My work began in on-site landscape painting.  Over time, the performative nature of the artist in public space, combined with what I perceived to be a failure of an optical approach in representing landscape led to a more conceptual landscape model, where spaces were seen not as only as constructions of colors but as snarled vectors of interest led to a an approach of landscape as a metaphor-- as areas of control or interdiction.

From 2003-2014 I made architecture and sign interventions in public spaces, employing the principle of 'productive confusion' in a sometimes collaborative project entitled Orange Work, that combines symbols of authority with novel forms and messages.

In terms of formal education, I studied Ancient History at Colby College and went to graduate school at Pratt Institute for an MFA degree, and an MS degree in Art History (with a thesis on Robert Smithson’s environmental antagonism) in 2002.  In 2005-2006, I participated in the Whitney Museum's Independent Study Program.

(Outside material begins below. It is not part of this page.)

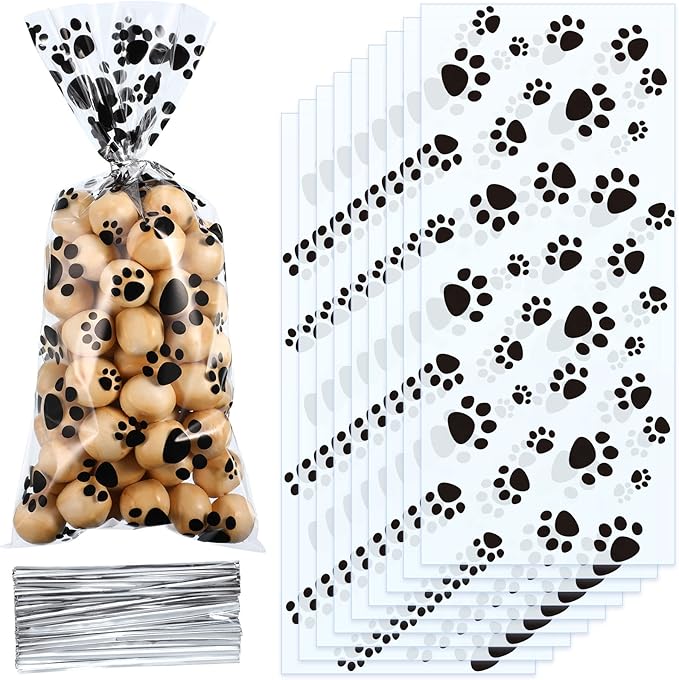 Blulu 100 Pieces Dog Treat Bags Puppy Party Favor Pet Paw Cone Cellophane Bags Candy Heat SealableDog Paw Gift with 100 Pieces Silver Twist Ties for Pet Cat Treat Party Favor(Black)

I showed for some years at the Michael Kohn Gallery in Los Angeles, as well as at Apex Art, the Abrons Art Center, Anthology Film Archives, Art in General, Creative Time, and Eyebeam (all in NY), as well as at the Institute of Contemporary Art (Philadelphia), the Irish Museum of Modern Art (Dublin), the Centro Cultural de Belém (Lisbon), Pallant House Gallery (UK), the Riccardo Crespi Gallery (Milan) and at G-MK (Zagreb).  Proceeding and during the Occupy Wall Street events in New York, I collaborated with activist collective Not an Alternative and worked to create a visual language of protest that could effectively contest politics in spatial and mediatic ways.

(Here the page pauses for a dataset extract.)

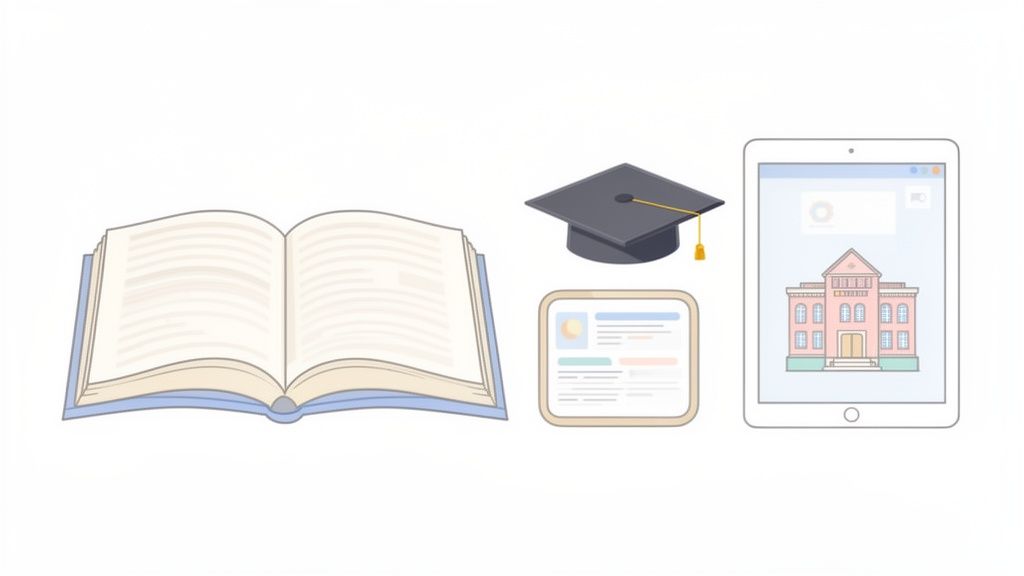 Illustrative image showing an open book, graduation cap, ID card, and tablet, representing education.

I have presented my work at the New Museum of Contemporary Art, PS.1, the New School’s Vera List Center, Exit Art, and at the College Art Association, and have been reviewed in the New York Times, Flash Art, Architect’s Newspaper, the Radical History Review, the Brooklyn Rail, and rhizome.org. 

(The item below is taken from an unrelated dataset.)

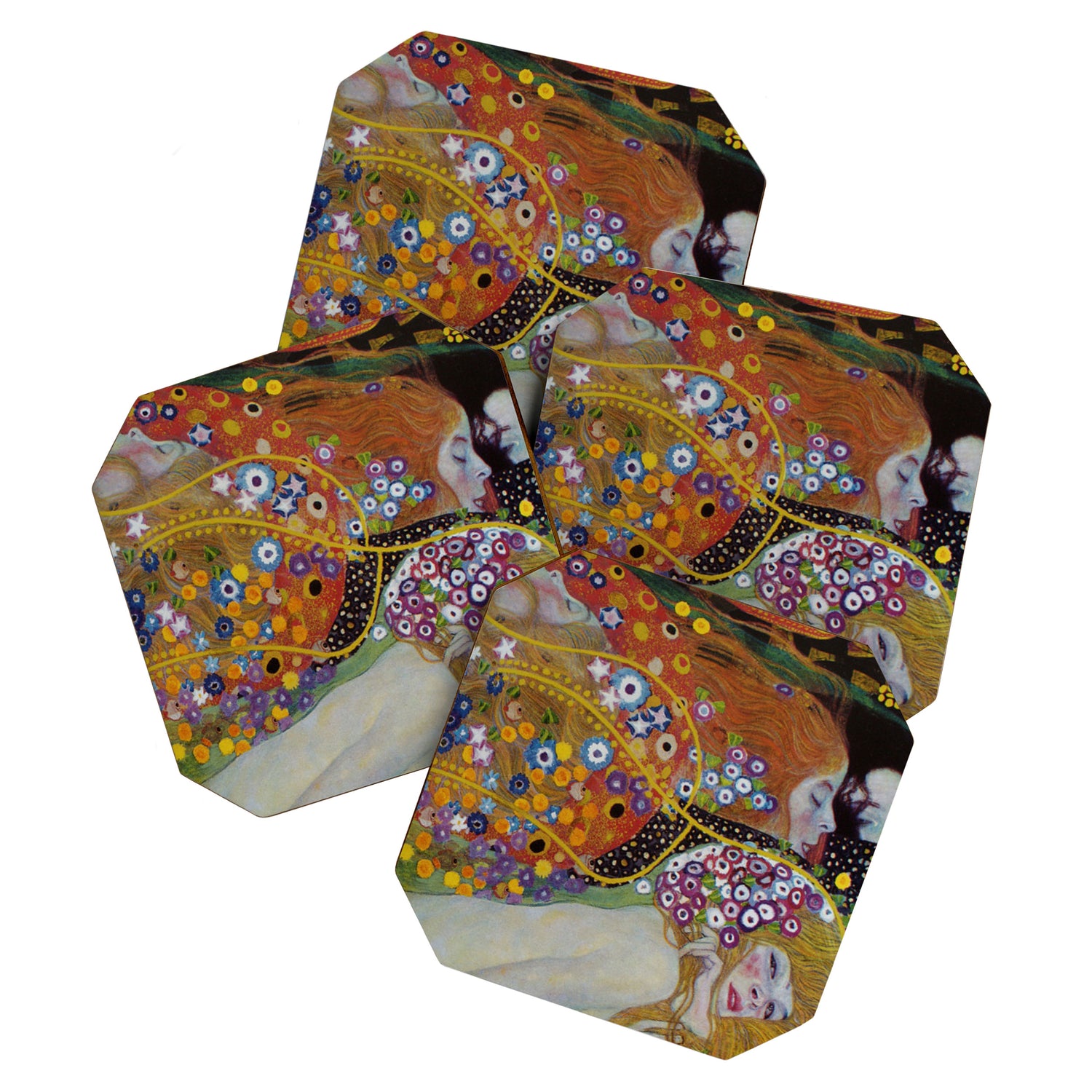 Gustav Klimt - The Mermaids II with poppies oceanic / floral portrait painting Coaster Gallery Image 1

I ended up near Lisbon where I have been teaching art to middle and high school students for the past few years, and continue to work in the two painting languages that have characterized my artistic exploration in painting: landscape painting from direct observation, which is a form of intense meditation on presence and moment, and studio productions that explore the relationship of space, structure, and the possibility of agency on metaphorical grounds.